Today’s Scripture Reading (January 13, 2016): 1 Samuel 4

Major General William Tecumseh Sherman once wrote that he was tired and sick of war. Its glory is all moonshine. It is only those who have neither fired a shot nor heard the shrieks and groans of the wounded who cry aloud for blood, for vengeance, for desolation. War is hell.” Sherman distinguished himself as a General in the Union Army during the American Civil War serving under Ulysses S. Grant. He has been honored for his tactics during the war, and criticized for the scorched earth campaign that he waged against the South as the horrors and tedium of war progressed. But he seemed to understand the truth of war. There is no glory. And what glory we might see from the outside disappears once you get closer to the fight. It is moonshine that can never be grasped and disappears quickly in the presence of a greater light. Those who desire war have never experienced it, or have been deceived into believing that some alternate reality exists that makes war seem important.

The wife of Phinehas gives birth just as the news that her husband and her father-in-law, Eli, have died. Her husband died in the rout of the army of Israel by the Philistines, and Eli at the age of 98, dies when he receives the news of the defeat of Israel, the death of his sons, and the loss of the Ark of the Covenant. Suddenly she is alone with a child. And the name that she gives to this new life that she has been blessed with is Ichabod. The Codex Vaticanus, one of the oldest extant Greek manuscripts of the Bible, lists the child’s name as ouai barchaboth – which is literally translated “No son of Glory.” Sherman would not have been surprised. There can be no glory in war.

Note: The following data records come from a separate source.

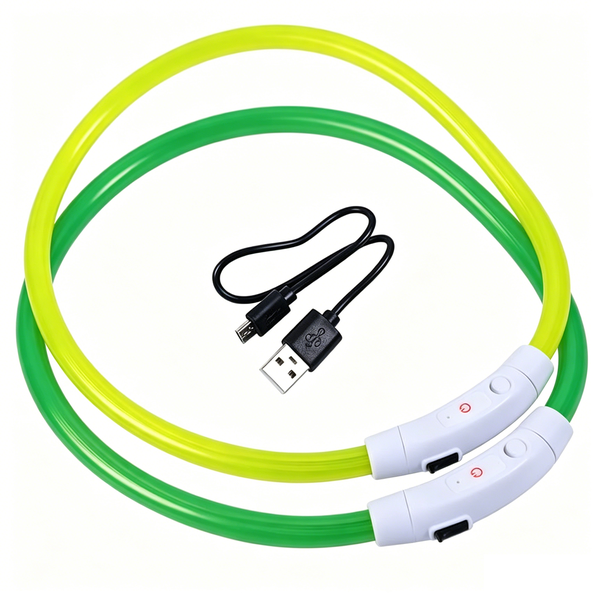 LED Dog Collar 2 Piece, Cuttable Light Up Safety Collars for Night Walking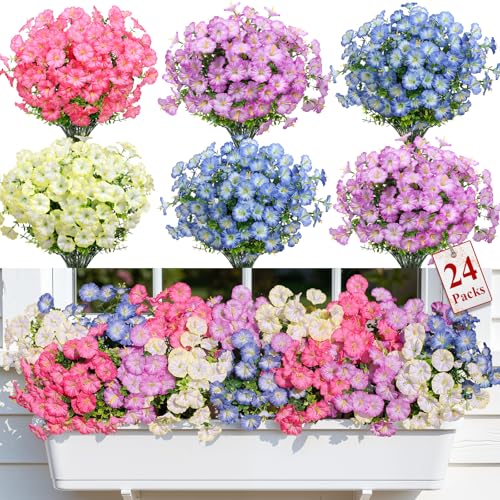 Alupssuc 24 Bundles Artificial Flowers for Outdoors, Faux Spring Flowers for Decoration, UV Resistant Silk Morning Glory with Eucalyptus Realistic Fake Flowers for Yard Planter, 4 Gradien Colors - color: 4 Gradient Color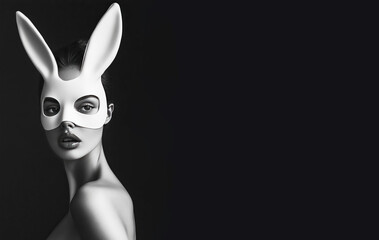 Sexy model in Easter Bunny mask on black studio background. Modern minimalist portrait of beautiful young woman. Space for text. 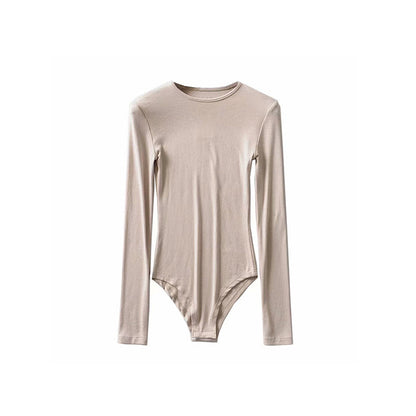 Antmvs Willy Solid Color Ribbed Round Neck Slim Long Sleeve Cropped Bodysuit Top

Sometimes I have to admit that I don’t think we really understand that. Maybe that is partially why it is the young that seem to run towards war. Their hope is that in the fight they will find the glory that they believe that their lives deserve. But their disappointment is that there is no glory, no remembrance exists in the midst of the fight. Only pain and suffering and great fear as life passes from them – and they wonder if the reason for the fight was enough to demand such a supreme sacrifice from them.